LIFESTYLE

A hometown experience: Future doctor shadows her mentor

Leslie D. Rose @DvilleNewsie
Allison Falcon

     Donaldsonville native, Allison Falcon, is a first year medical student at LSU School of Medicine in New Orleans. While she hasn’t yet figured out what her medical specialty will be, she knows that she would like to eventually become a doctor who gives back to communities like Donaldsonville.

     As part of a preceptorship program, Falcon – a 2009 Ascension Catholic High School graduate – spent the first week of 2016 at the Prevost Memorial Hospital under the tutelage of longtime family doctor, Dr. Michel Hirsch.

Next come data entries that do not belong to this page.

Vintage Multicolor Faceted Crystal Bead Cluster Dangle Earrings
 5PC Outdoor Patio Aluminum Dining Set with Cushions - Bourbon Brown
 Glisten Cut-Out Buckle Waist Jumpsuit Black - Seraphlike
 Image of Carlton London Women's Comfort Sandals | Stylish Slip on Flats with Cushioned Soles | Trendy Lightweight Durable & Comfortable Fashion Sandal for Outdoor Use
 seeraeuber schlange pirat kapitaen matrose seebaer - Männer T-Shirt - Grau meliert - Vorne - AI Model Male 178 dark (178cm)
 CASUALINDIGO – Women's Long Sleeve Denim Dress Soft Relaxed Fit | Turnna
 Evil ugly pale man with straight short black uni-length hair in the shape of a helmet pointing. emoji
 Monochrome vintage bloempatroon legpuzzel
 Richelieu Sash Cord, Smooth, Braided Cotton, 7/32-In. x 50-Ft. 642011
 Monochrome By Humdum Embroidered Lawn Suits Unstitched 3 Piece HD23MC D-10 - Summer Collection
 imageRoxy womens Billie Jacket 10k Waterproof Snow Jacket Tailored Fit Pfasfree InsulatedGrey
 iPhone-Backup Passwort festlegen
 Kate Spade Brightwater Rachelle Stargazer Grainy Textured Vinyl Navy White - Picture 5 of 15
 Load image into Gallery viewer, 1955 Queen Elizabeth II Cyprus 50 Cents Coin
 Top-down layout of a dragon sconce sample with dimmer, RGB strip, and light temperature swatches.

     A preceptorship program seeks to provide experiential, enrichment and academic placements which facilitate the development of a special set of skills, attitudes and understandings for persons seeking entry into a medical program. Participants are placed in hospitals, health centers, HMO's, or health professional offices in relationship to their specified career goal and given 'hands on experience'.

     “They let us interact with patients just like they would do – it’s really hands on,” Falcon said. “I think that’s what medical students need right now, is to actually get out there and see what it is that they’re in for, for the rest of their lives.”

     Students may only participate in the preceptorship program once. However, there are similar programs that Falcon said she intends to go through, in efforts to choose the field that best suits her needs.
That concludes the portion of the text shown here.